You should be careful over-interpreting this stuff. Double descent is still poorly understood, and some [1] argue it is an artifact caused by wrongly assuming that the model complexity is a linear function of the number of parameters.

I would also argue that "the need for overfitting" is a consequence of broken benchmarks, rather than a feature of deep learning. Why else would adversarial examples arise?

[1] https://deepai.org/publication/rethinking-parameter-counting...


Isn't double descent explained by the following?

The network contains many more parameters than data points.

Therefore there is an entire region of lowest training error.

A random point sonewhere in the middle of that region probably generalises better than at the edge.

Once SGD enters this region at the edge, generalisation can still occur because the randomness will most likely cause it to random walk inside the region.

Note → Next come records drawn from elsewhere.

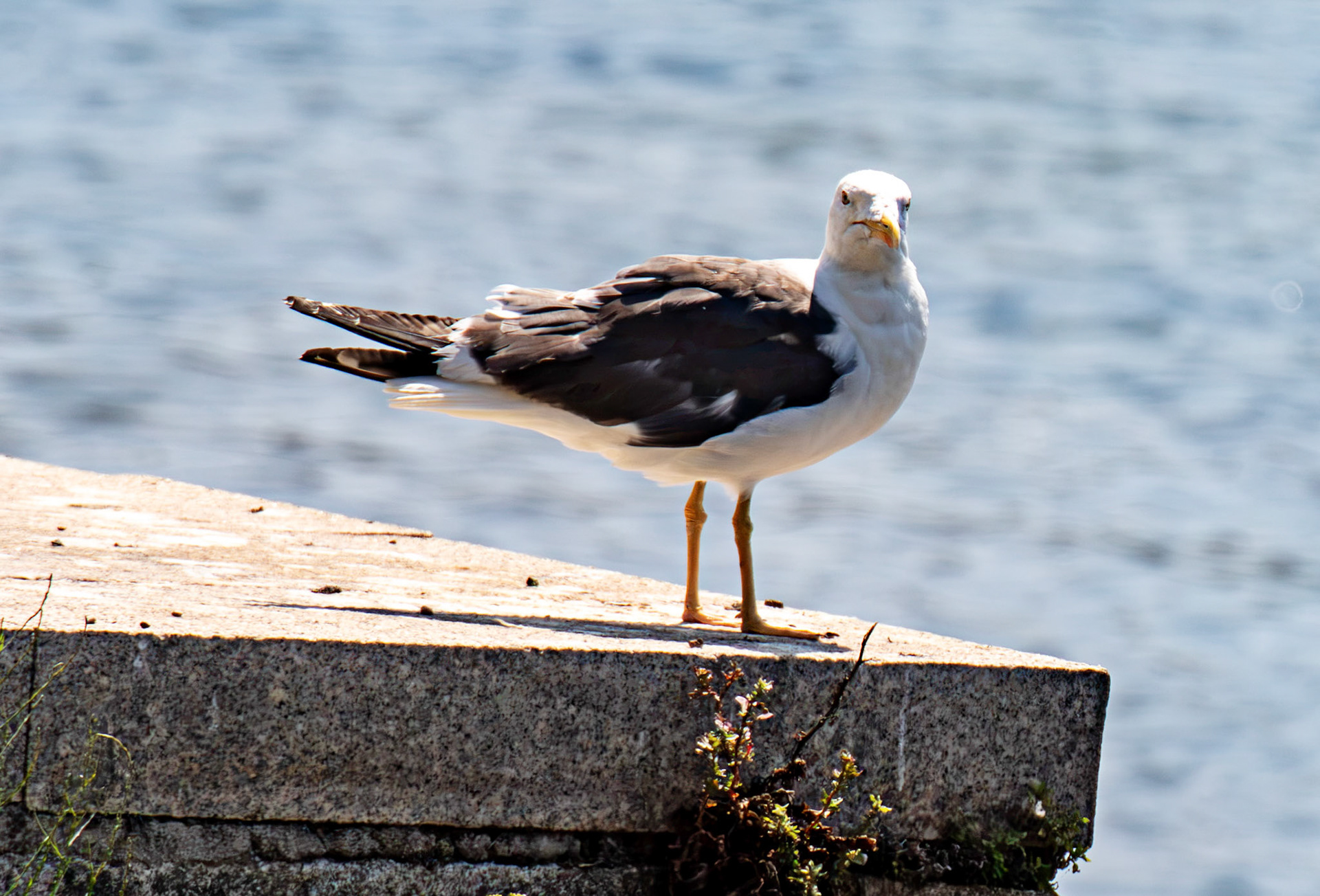 Lesser Black Backed Gull. Porto 18 August 2026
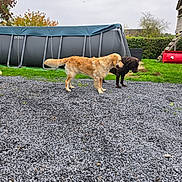 Vador participe au concours pour gagner de l'argent avec cette photo : dog, golden_retriever, chocolate_labrador, gravel, backyard, above_ground_pool, playhouse, grass, tree, hedge, car, outdoor, pet, animal, cloudy, daytime, fence, wood, toy, nature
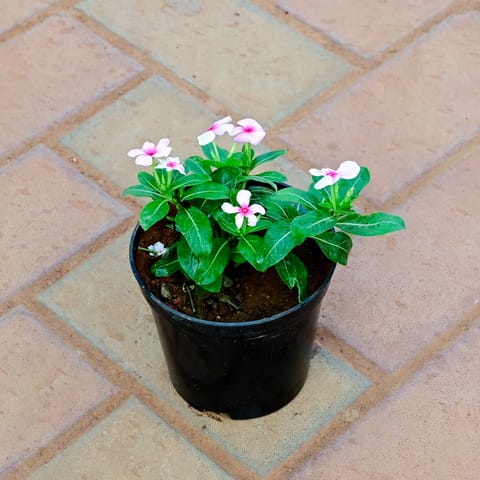 Periwinkle / Vinca / Sadabahar (Any Colour) in 4 Inch Nursery Pot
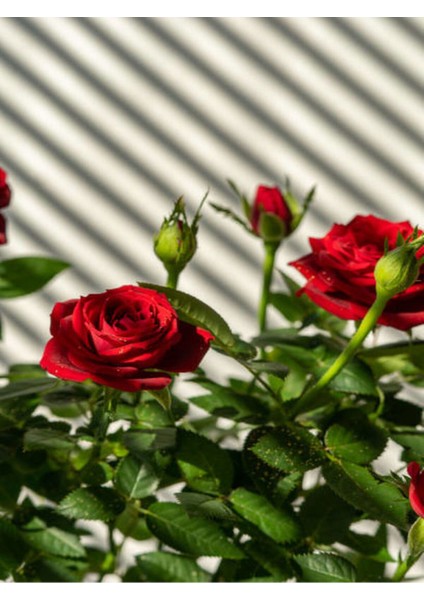 Videolu Minyatür Kırmızı Gül (20 35 cm) Saksılı Aşılı Gül Grafted Rose fiyatları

To test this hypothesis you could run gradient descent with line search instead of SGD, and then you should not see this extra generalisation. Then if you add a bit of randomness to gradient descent you should see this extra generalisation again, if this hypothesis is correct. Also, under this hypothesis you'd predict that the speed at which generalisation improves depends on the batch size.


Might be a stupid question, but can we skip the random walk and just pick the middle?


Not a stupid question at all, but one problem is that the boundaries of a zero-train-loss region are not well characterized and evaluating the validation loss even at a single point is computationally expensive. The centroid of one of these regions might not even be inside it (eg. donut shape but in higher dimensions) Interesting discussion though -- probably worth a few papers if someone were to investigate further.


This just sounds like Stochastic Weight Averaging, which works quite well: https://arxiv.org/abs/1803.05407


Most of the DL models we use are already above the "interpolation threshold" because they use millions of parameters which implies that they are already being trained in the "double descent" regime. Those papers and more [0] argue to explain why using millions of parameters still doesn't overfit our models that are trained on much less data (opposing the traditional Vapnik machine learning argument that your model paramters should not exceed number of data points otherwise you see overfit) because the models still manage to perform well on test data.

In this paper, I think the authors are not focusing on overfitting on the data in the traditional Vapnik sense, but overfitting on unimportant information within that data. Noise injection and data augmentation are the techniques we use to de-correlate signal from noise in the data so that the networks can focus on signal and not on noise. Here sleep and dreams are argued to be that source of "noise" for our brain to decorrelate "signal" from the tasks we learn while awake.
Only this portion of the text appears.